If we consider the differences between having an operator vs. using Helm/Terraform/other tool to orchestrate an Elasticsearch cluster, the advantage of the operator is that it is able to constantly ensure that the cluster is in the desired state and prevent configuration drift (immediate feedback vs. delayed feedback). Ensuring that all changes to a cluster are documented (e.g. as Git commits) and having the confidence that re-creating the cluster via the last manifest brings up the same cluster are quite desirable traits from an ops perspective.

As Anya's work illustrates, building such a feature externally is a brittle proposition because it is impossible to do without intimate knowledge of the Elasticsearch API between different versions and playing catch-up constantly to keep abreast of developments in new versions. Furthermore, the need to employ polling techniques to ensure that the cluster is in the desired state is inefficient and could even end up overloading busy clusters. Therefore, I think the best place to implement this feature is in Elasticsearch itself.

I experimented a bit with the "fire-and-forget" alternative.

  • Add a subcommand to the operator called postprovision (name TBD) that takes a YAML or JSON containing a set of API calls to execute. This can be executed as a Kubernetes Job.
  • When the API calls are executed successfully, the Elasticsearch cluster is annotated to indicate that state.
  • Users can define an optional readiness gate in the Elasticsearch definition. This makes the cluster unavailable to clients until the job has completed successfully.
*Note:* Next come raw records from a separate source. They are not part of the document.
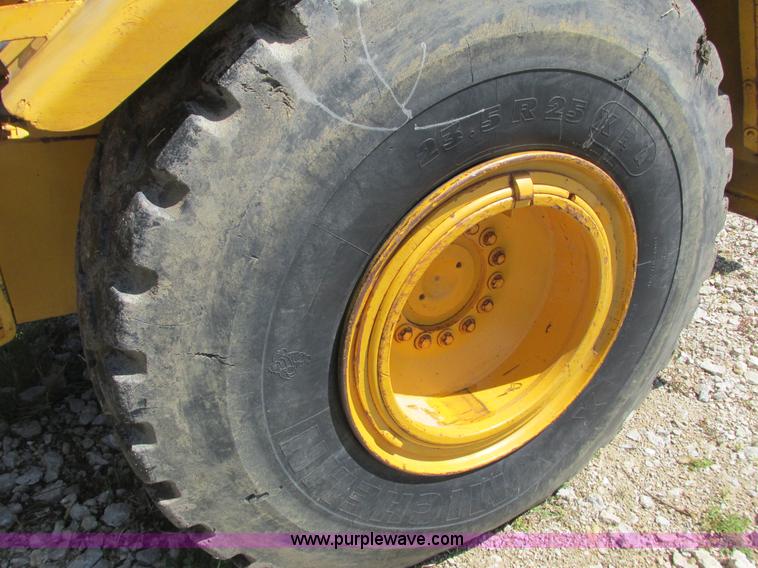 image for item K4715 1984 John Deere 762 elevating scraper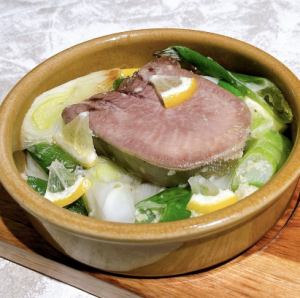 Thick-cut beef tongue and green onion ajillo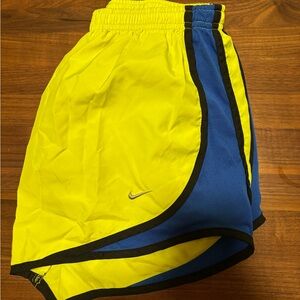 Medium nike shorts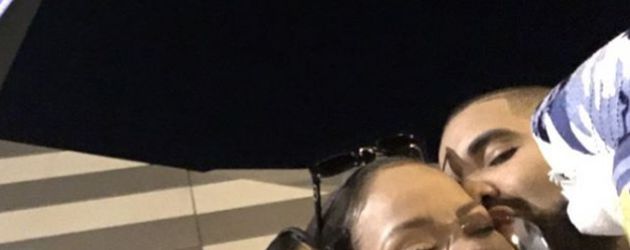 Drake und Rihanna mit einem kleinen Plüschhai Drake und Rihanna mit einem kleinen Plüschhai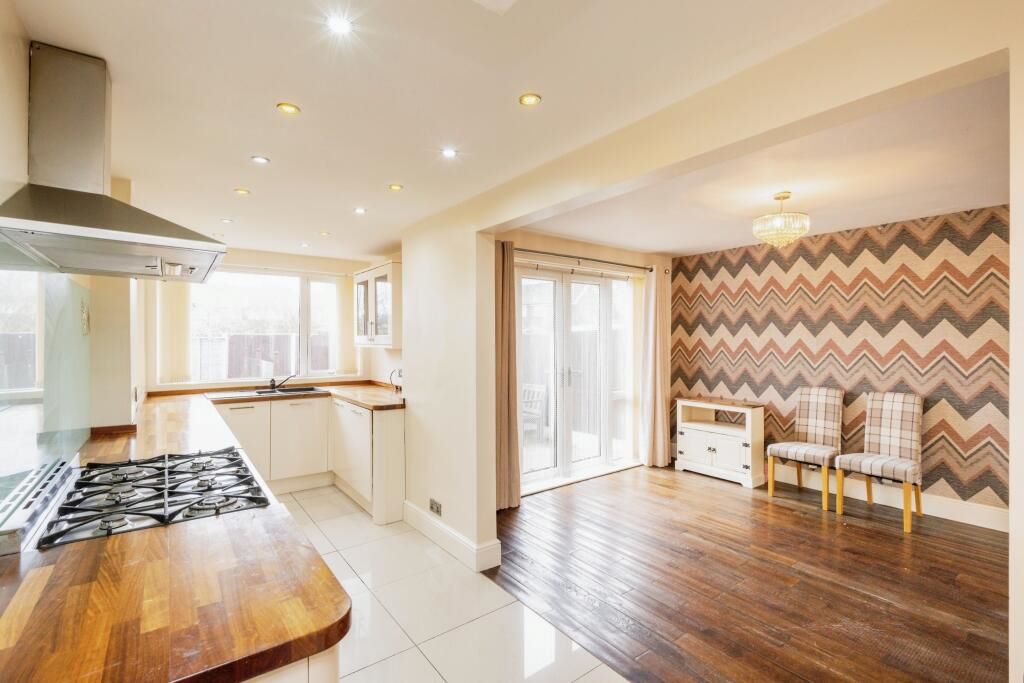 Irlam, Manchester, Lancashire, M44 6BT - Online Auctions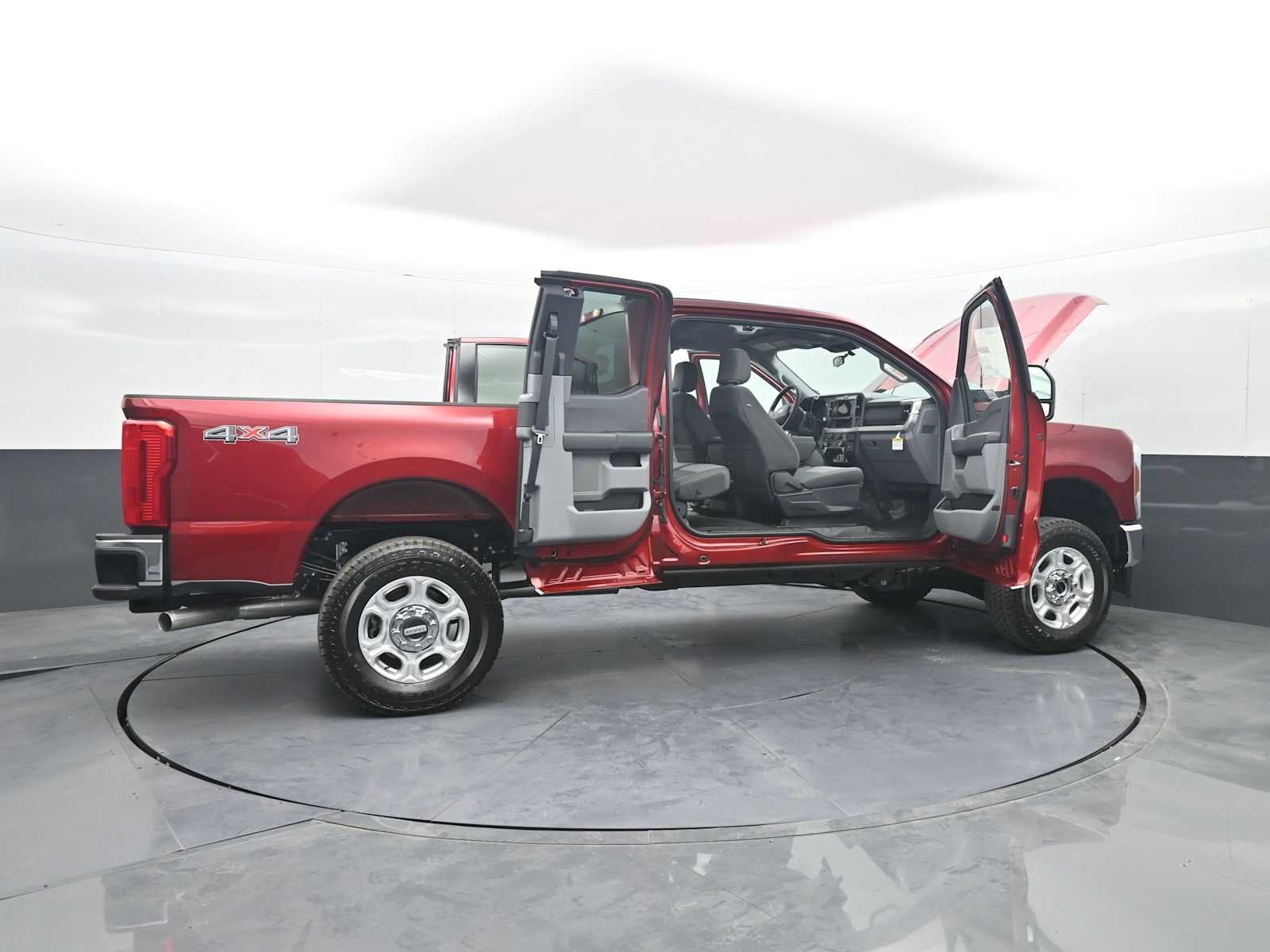 2026 Ford Super Duty F-250 SRW XLT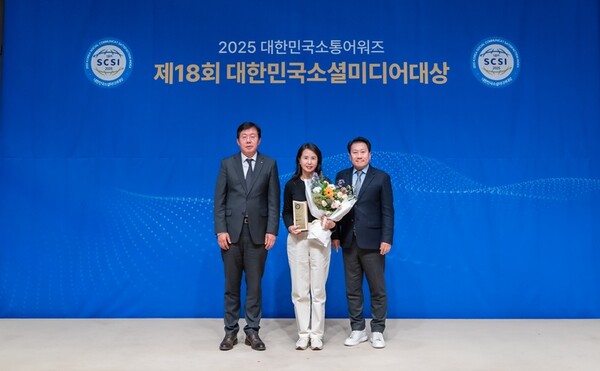 13일 서울 광화문 한국프레스센터에서 열린 ‘제18회 대한민국소통어워즈’에서 정수진 LG전자 한국영업본부 브랜드커뮤니케이션담당(사진 가운데)이 수상 기념 사진을 촬영하고 있다. / 사진=LG전자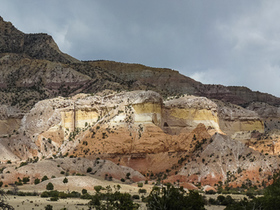 USA 2013 - 3829 - Sombrero Mesa near Abiquiu Panorama2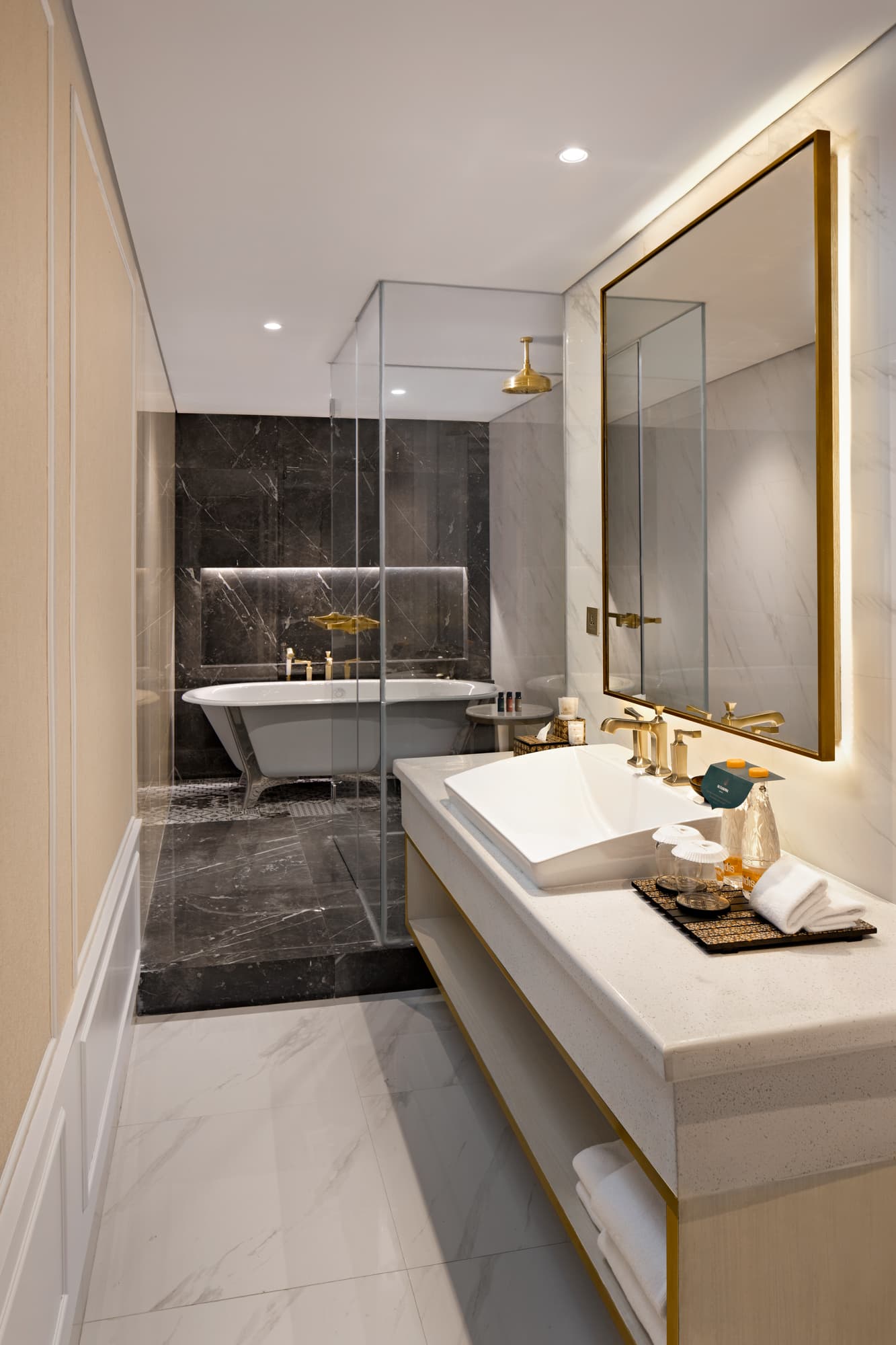 Sutasoma Suite bathroom
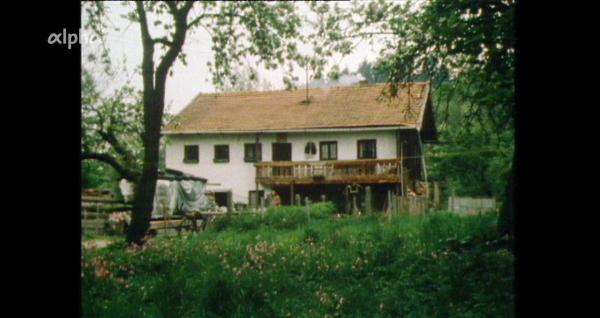 Bild 1 von 4: 1980: In einem alten Bauernhaus in Niederbayern hat sich eine Wohngemeinschaft aus mehreren Männern und Frauen zusammengefunden, die dort als Selbstversorger leben.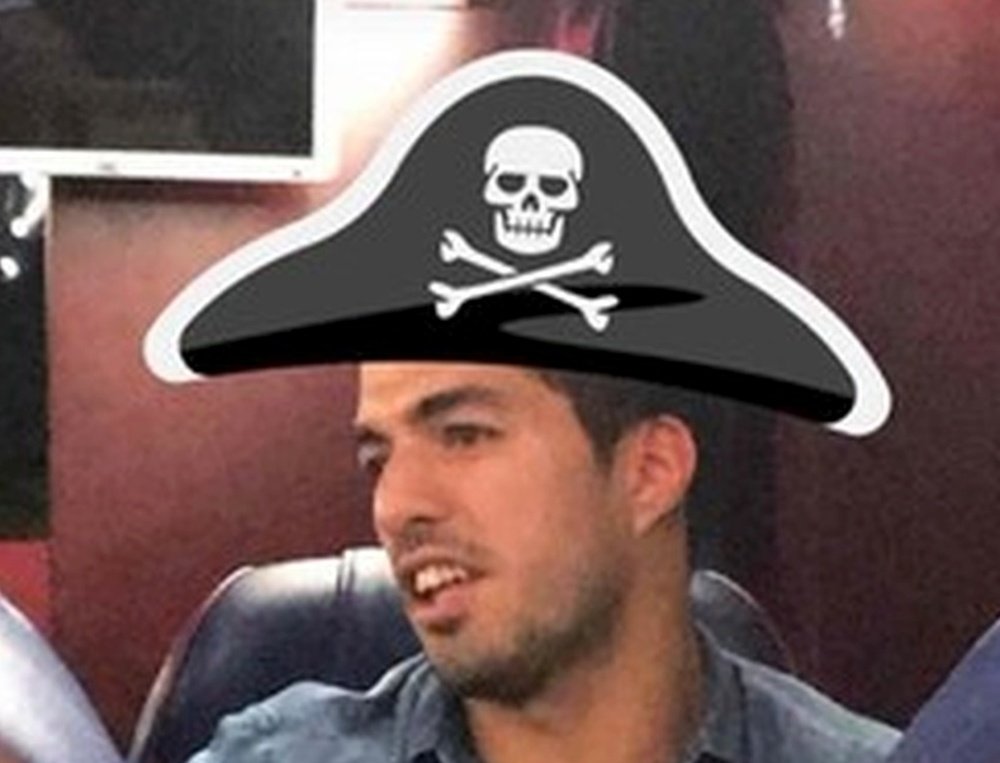 Alcácer 'disfrazó' de pirata a su compañero. Instagram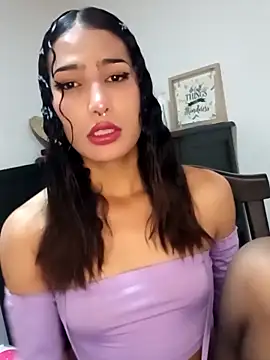 Lanna hott  online show from 03/22/25, 08:15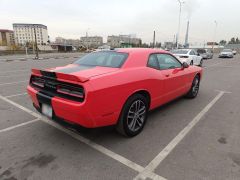 Photo of the vehicle Dodge Challenger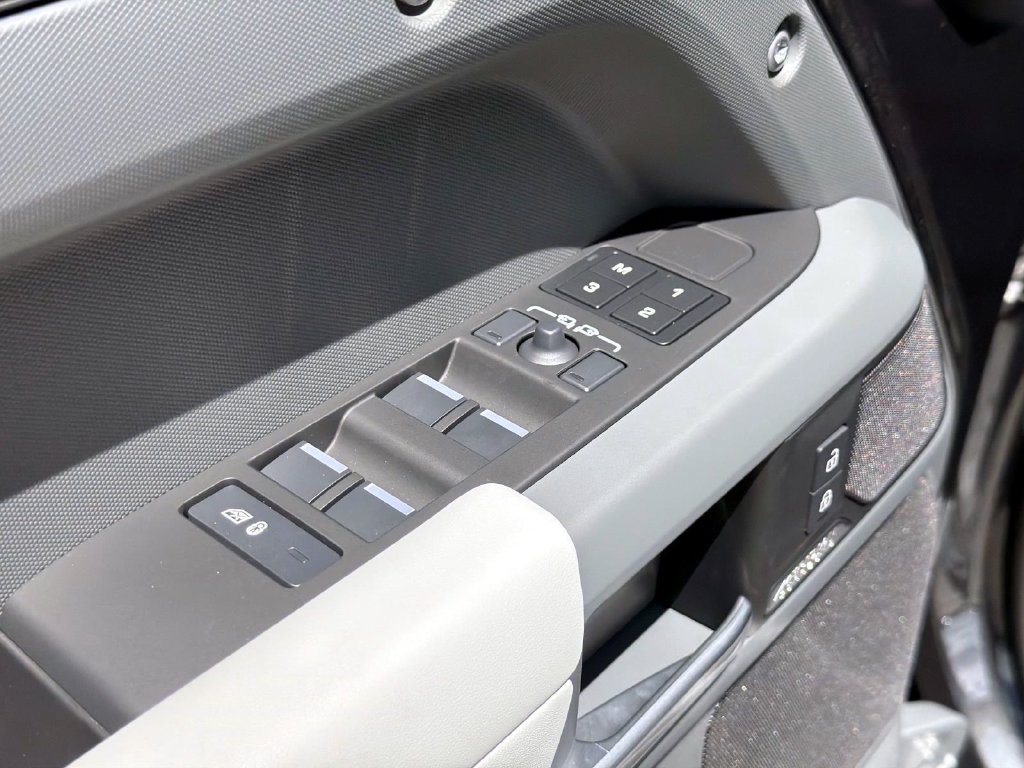 New 2026 Land Rover Defender 110 X-Dynamic SE AWD/4WD image 17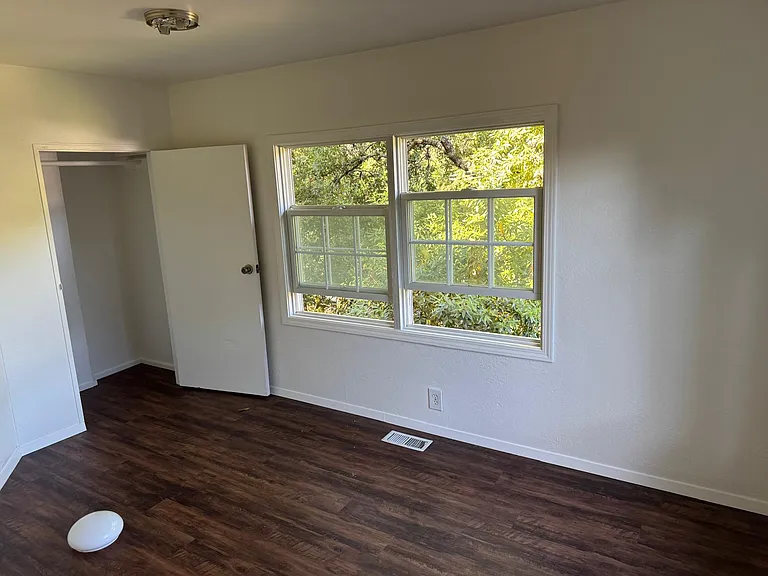 254 Redwood Rd — Photo 5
This work is available in the https://github.com/charith-elastic/cloud-on-k8s/tree/feature/api-conf branch.

---
apiVersion: elasticsearch.k8s.elastic.co/v1
kind: Elasticsearch
metadata:
  name: hulk
spec:
  version: 7.10.0
  nodeSets:
    - name: default
      count: 3
      config:
        node.store.allow_mmap: false
      podTemplate:
        spec:
          readinessGates:
            - conditionType: eck.k8s.elastic.co/post-provision
---
apiVersion: batch/v1
kind: Job
metadata:
  name: hulk-post-provision
spec:
  ttlSecondsAfterFinished: 300
  template:
    spec:
      restartPolicy: OnFailure
      containers:
        - name: postprovision
          args:
            - postprovision
            - --jobdef=/jobs/job.yaml
            - --log-verbosity=1
          image: docker.elastic.co/eck-dev/eck-operator-cell:1.4.0-SNAPSHOT-5851b163
          volumeMounts:
            - mountPath: /jobs
              name: jobs
              readOnly: true
      securityContext:
        runAsNonRoot: true
      serviceAccountName: hulk-post-provision
      volumes:
        - name: jobs
          configMap:
            name: hulk-post-provision
---
apiVersion: v1
kind: ConfigMap
metadata:
  name: hulk-post-provision
data:
  job.yaml: |-
    target:
      kind: Elasticsearch
      namespace: default
      name: hulk
    clientConf:
      requestTimeout: 30s
      retryAttempts: 3
      retryBackoff: 10s
      retryMaxDuration: 150s
    apiCalls:
      - method: PUT
        path: /_ilm/policy/my_policy
        payload: {
          "policy": {
            "phases": {
              "hot": {
                "actions": {
                  "rollover": {
                    "max_size": "25GB"
                  }
                }
              },
              "delete": {
                "min_age": "30d",
                "actions": {
                  "delete": {}
                }
              }
            }
          }
        }
        successCodes: [200]
        retry: true
      - method: PUT
        path: /_cluster/settings
        payload: {
          "transient": {
            "indices.lifecycle.poll_interval": "3m"
          }
        }
        successCodes: [200]
        retry: true
---
apiVersion: v1
kind: ServiceAccount
metadata:
  name: hulk-post-provision
---
apiVersion: rbac.authorization.k8s.io/v1
kind: Role
metadata:
  name: hulk-post-provision
rules:
  - apiGroups:
      - ""
    resources:
      - pods
      - secrets
    verbs:
      - get
      - list
  - apiGroups:
      - elasticsearch.k8s.elastic.co
    resources:
      - elasticsearches
    verbs:
      - get
      - list
      - update
---
apiVersion: rbac.authorization.k8s.io/v1
kind: RoleBinding
metadata:
  name: hulk-post-provision
roleRef:
  apiGroup: rbac.authorization.k8s.io
  kind: Role
  name: hulk-post-provision
subjects:
  - kind: ServiceAccount
    name: hulk-post-provision

The issues with this approach are:

  • Job definition is too verbose due to requiring the proper RBAC declarations
  • The Job declaration is a separate entity from the Elasticsearch declaration. The connection between them is not obvious.
  • Version upgrades could potentially require re-running the job -- which the users must remember to do.
  • Version upgrades could break the API calls defined in the job.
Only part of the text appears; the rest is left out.